Provided records:
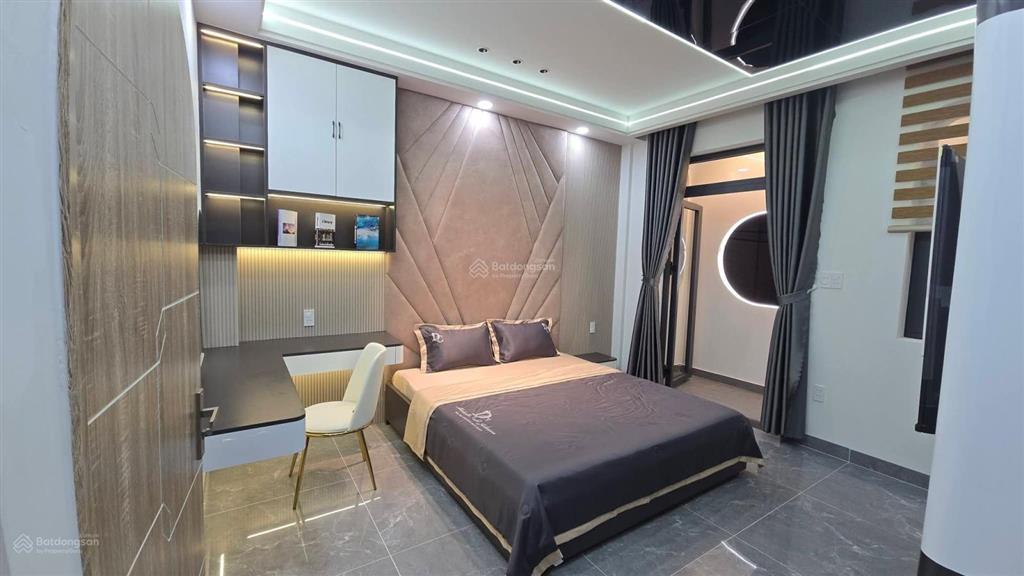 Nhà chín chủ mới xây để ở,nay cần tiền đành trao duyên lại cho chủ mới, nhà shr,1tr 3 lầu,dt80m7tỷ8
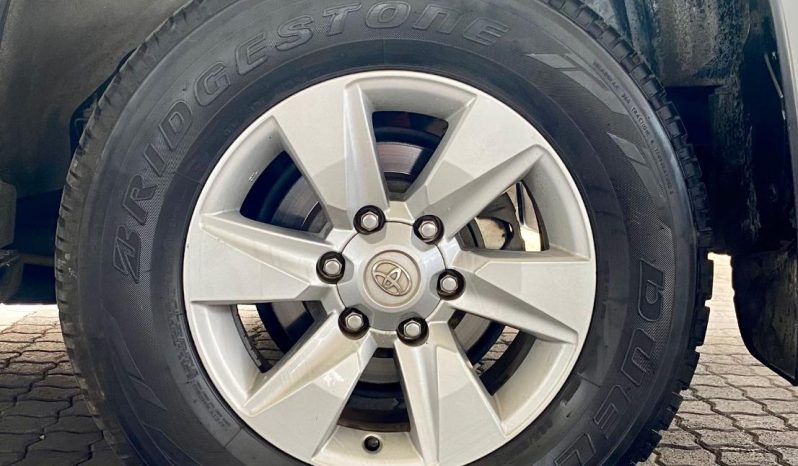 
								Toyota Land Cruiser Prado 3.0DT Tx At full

...

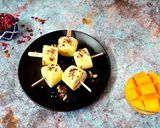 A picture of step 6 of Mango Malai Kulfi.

What the task asks: When you reach the line with "Nhà chín chủ" in the records above, start writing out each line exactly, and stop after the line with "Toyota Land Cruiser". Pictures stay out.

Result for this task:
 Nhà chín chủ mới xây để ở,nay cần tiền đành trao duyên lại cho chủ mới, nhà shr,1tr 3 lầu,dt80m7tỷ8
								Toyota Land Cruiser Prado 3.0DT Tx At full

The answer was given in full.